Other devices can pick up some of slack. Cameras are a better way of identifying pedestrians and street signs, for example, and radar works over longer distances. That’s why today’s self-driving cars track their surroundings through so many different sensors. But despite this wide array of hardware — which can cost hundreds of thousands of dollars per vehicle — even the best autonomous vehicles still have trouble in so many situations that humans can navigate with ease.

With their new sensor, Messrs. Salehian and Rezk are working to change that. Mr. Rezk is an engineer who designed optical hardware for Nikon, and presumably, he was among those who handled optical sensors for Apple’s driverless car project, though he and Mr. Salehian declined to say which “special project” they worked on at the company. They left Apple late last year.

Where current lidar sensors send out individual pulses, Aeva’s device sends out a continuous wave of light. By reading the way this far more complex signal bounces off surrounding objects, Mr. Rezk said, the device can capture a far more detailed image while also tracking velocity. You can think of it as a cross between lidar, which is so good at measuring depth, and radar, which is so good at measuring speed.

Mr. Rezk also said the device’s continuous wave would provide greater range and resolution than existing lidar devices, deal better with weather and highly reflective objects like bridge railings, and avoid interference with other optical sensors.

Cars will continue to use multiple kinds of sensors, in part because redundancy helps ensure that these cars are safe. But Aeva aims to give these cars a better view of the world from a smaller and less expensive set of sensors.

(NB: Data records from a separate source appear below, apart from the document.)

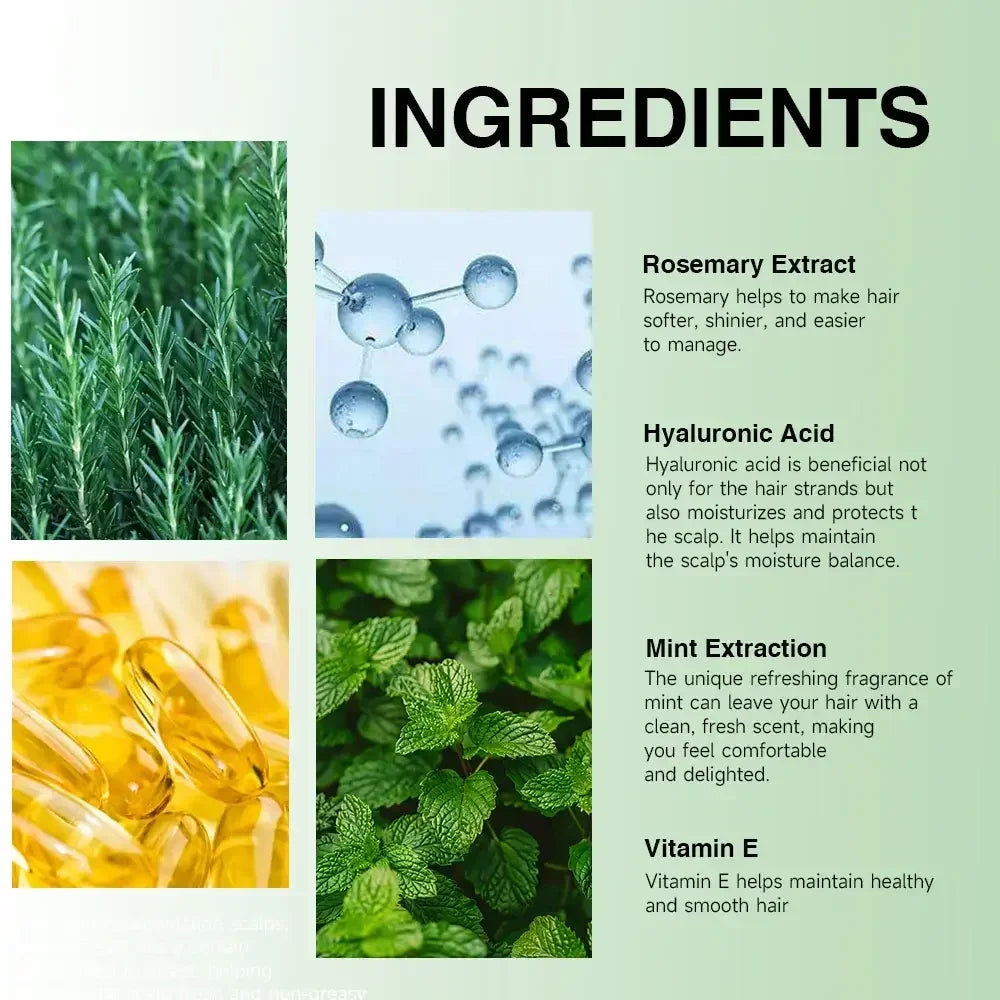 Ingredients for hair care: rosemary extract, hyaluronic acid, mint extraction, vitamin E capsules, and fresh mint leaves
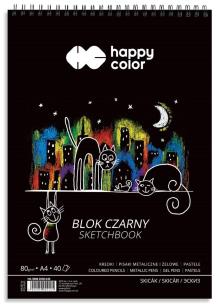 Blok A4/40K czarny Koty 80g spirala HAPPY COLOR. Wydawca: GDD. Multiszop.pl Opakowanie Blok A4/40K czarny Koty 80g spirala HAPPY COLOR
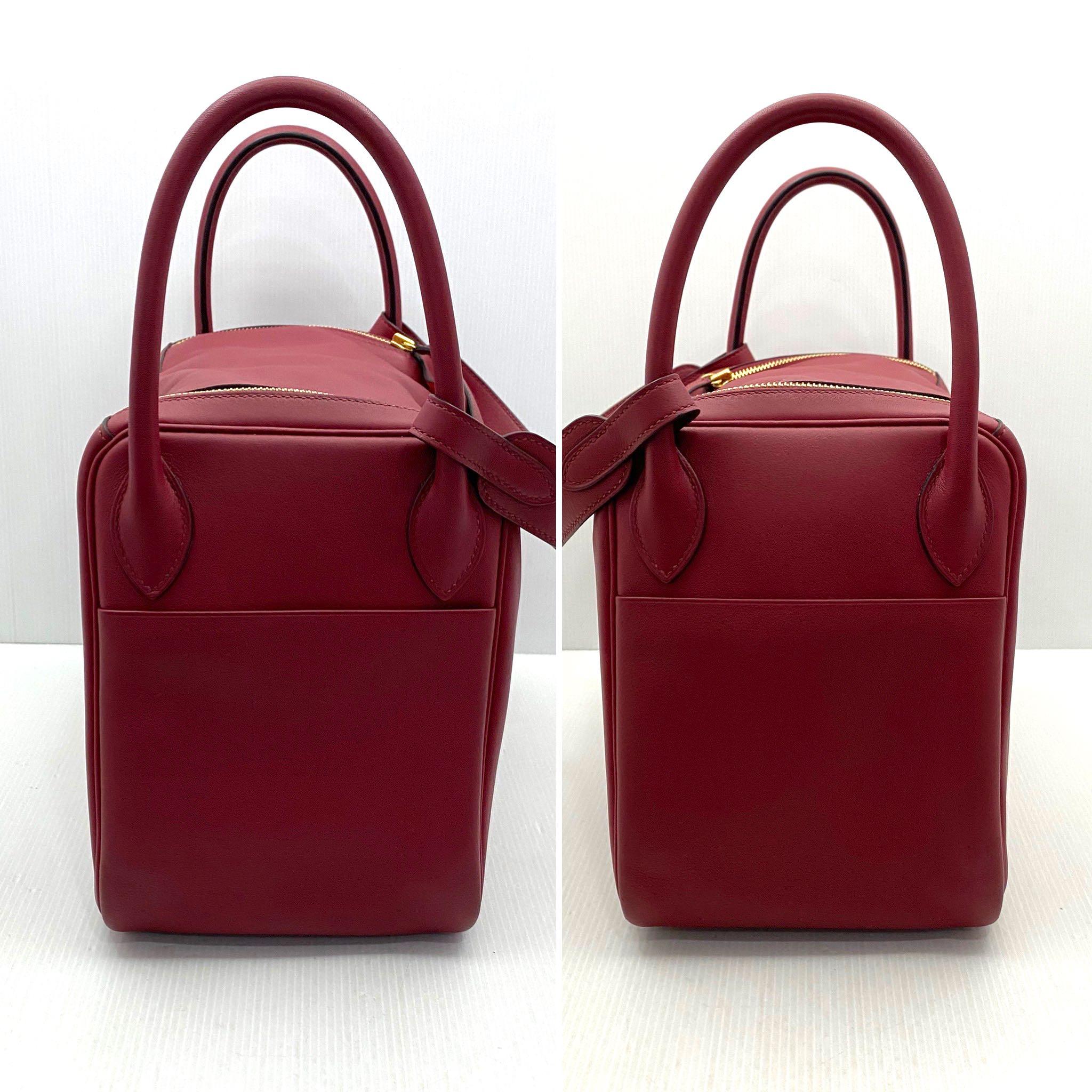 Hermes Lindy 30 rouge grenat and orange with permabrass hardware.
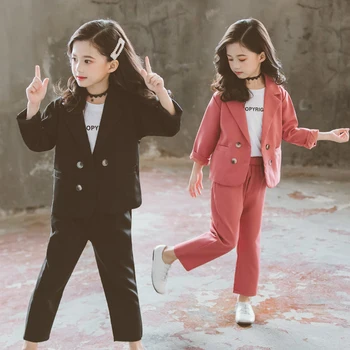 

Girls Suits Set Blazer + Pants 2pcs Kid Girl Wedding Party Solid 2019 Korean Style Clothing Set 2 to 13 Years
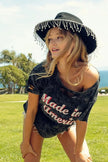 BiBi Laser Cut Mineral Washed America Print Short Sleeve Shirt  Style Ratio
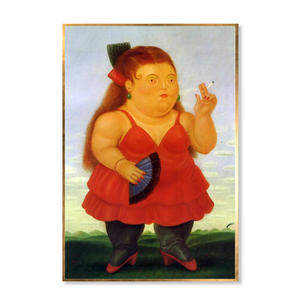 Puro fatto a mano impressione ragazza grassa ritratto pittura a olio su tela per la decorazione della camera famosa pittura elegante donna grassa immagine da parete - Product Image 1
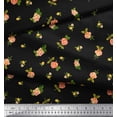 thumbnail image 2 of Soimoi Black Poly Georgette Fabric Leaves & Grandiflora Roses Floral Decor Fabric Printed Yard 52 Inch Wide, 2 of 5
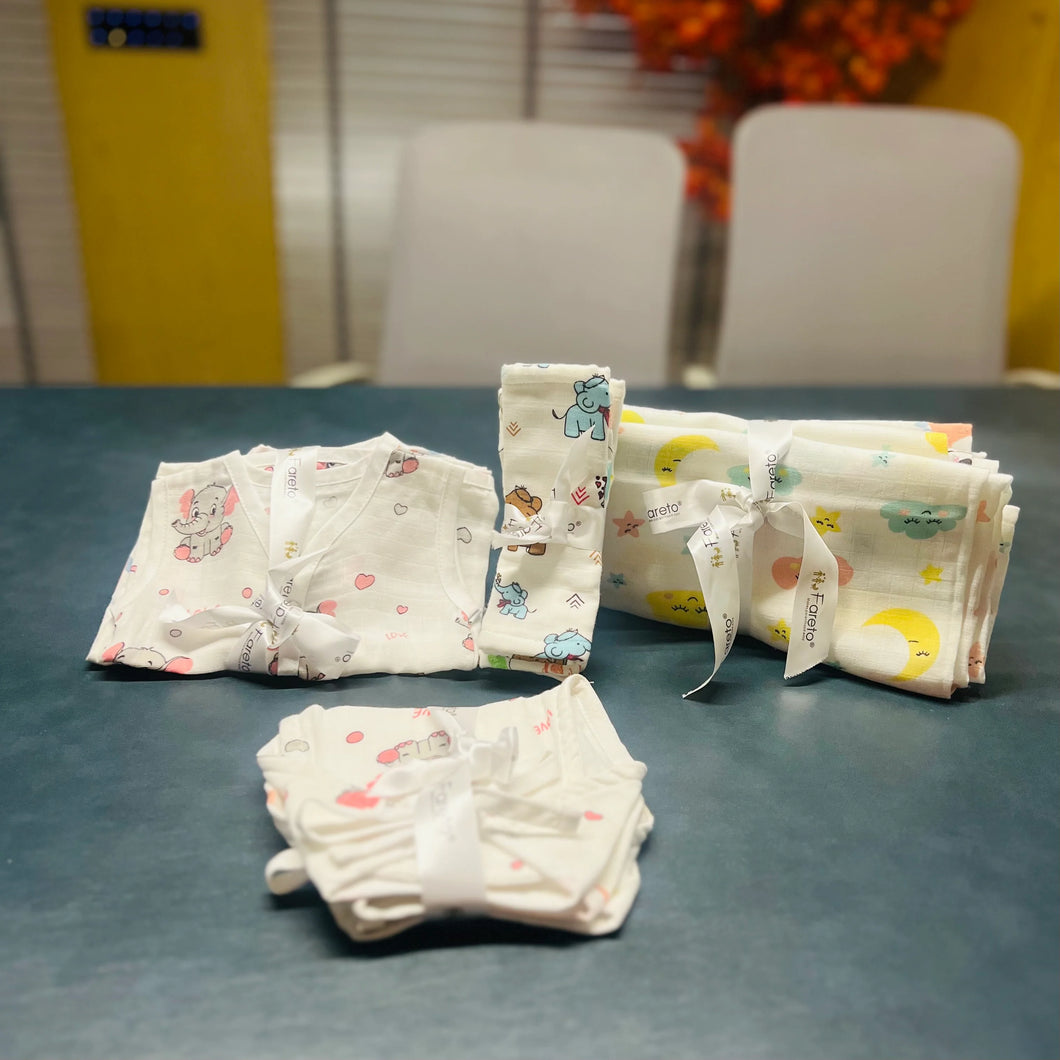 Fareto New Born Baby Purely Musline Set(0-2 Months)(Pack Of 12)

Researchers at the University of California, Berkeley, have built similar hardware, and companies like Velodyne and the start-ups Oryx Vision and Quanergy say they are exploring similar ideas. Like these efforts, the Aeva prototype is still under development, and the company plans to sell devices next year. But it shows how autonomous car sensors need to evolve — and that they are indeed evolving.

Ultimately, new sensors will allow cars to make better decisions.